● Exercise
Starting at the line with "A zoomed in", return every line through the final one of the data, word for word. Pictures stay out.
[[ Input data, beginning ]]
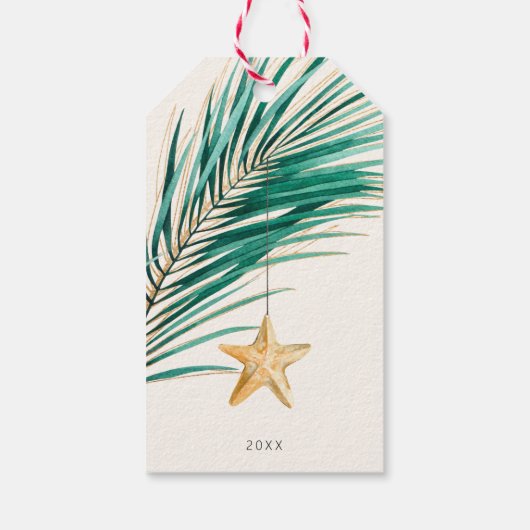 熱帯グリーン金ゴールド水彩ヒトデのクリスマス ギフトタグ (裏面)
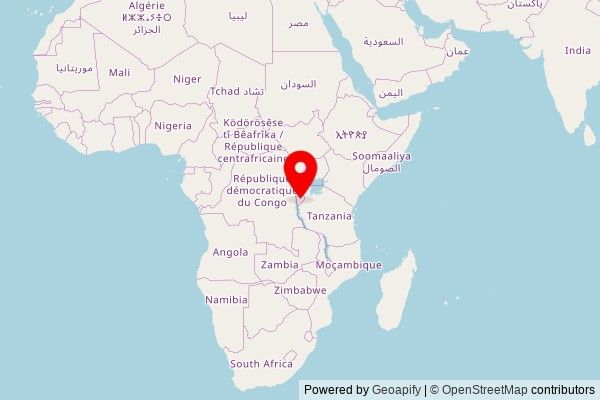 A zoomed in map showing a pin at the position of Cathédrale du Christ-Roi, RN 8, Gitega, Burundi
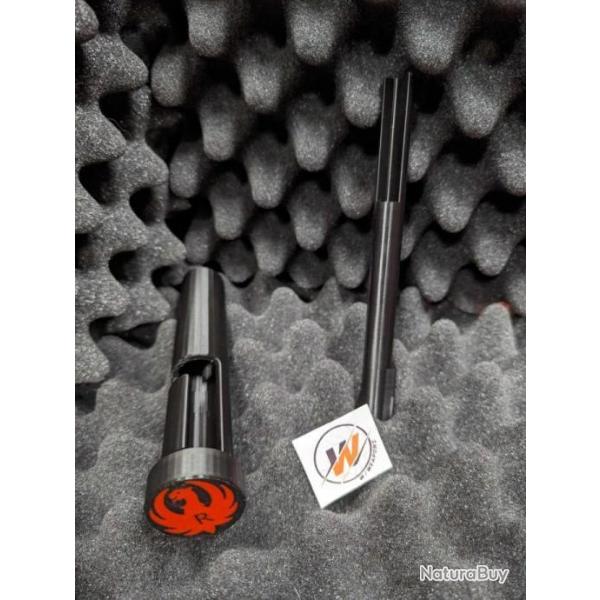 RUGER RPR - START KIT NOIR - Prot�ge Culasse NOIR_avec LOGO RUGER ROUGE + Guide baguette NOIR 22 lr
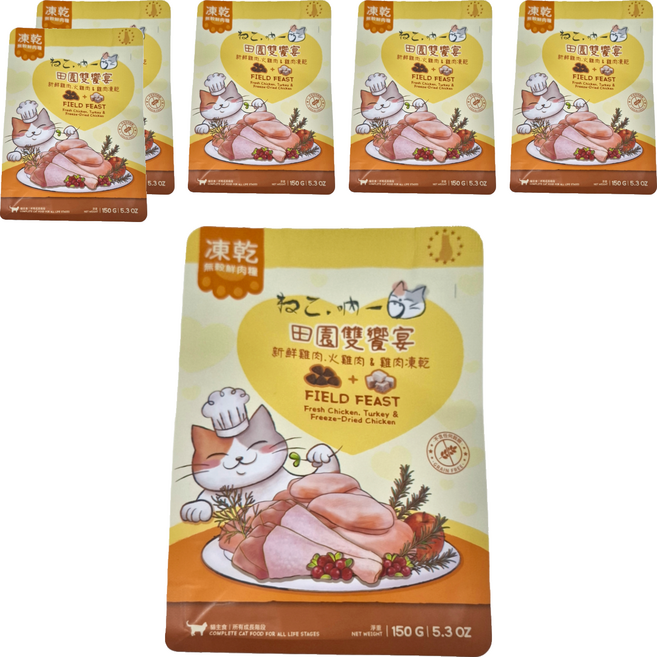 Neko 吶一口 凍乾貓飼料 田園雙饗宴, 新鮮雞肉 + 火雞肉 + 雞肉凍乾, 150g, 6包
[[ Input data, end ]]
● Result of the task
 A zoomed in map showing a pin at the position of Cathédrale du Christ-Roi, RN 8, Gitega, Burundi
 RUGER RPR - START KIT NOIR - Prot�ge Culasse NOIR_avec LOGO RUGER ROUGE + Guide baguette NOIR 22 lr
 Neko 吶一口 凍乾貓飼料 田園雙饗宴, 新鮮雞肉 + 火雞肉 + 雞肉凍乾, 150g, 6包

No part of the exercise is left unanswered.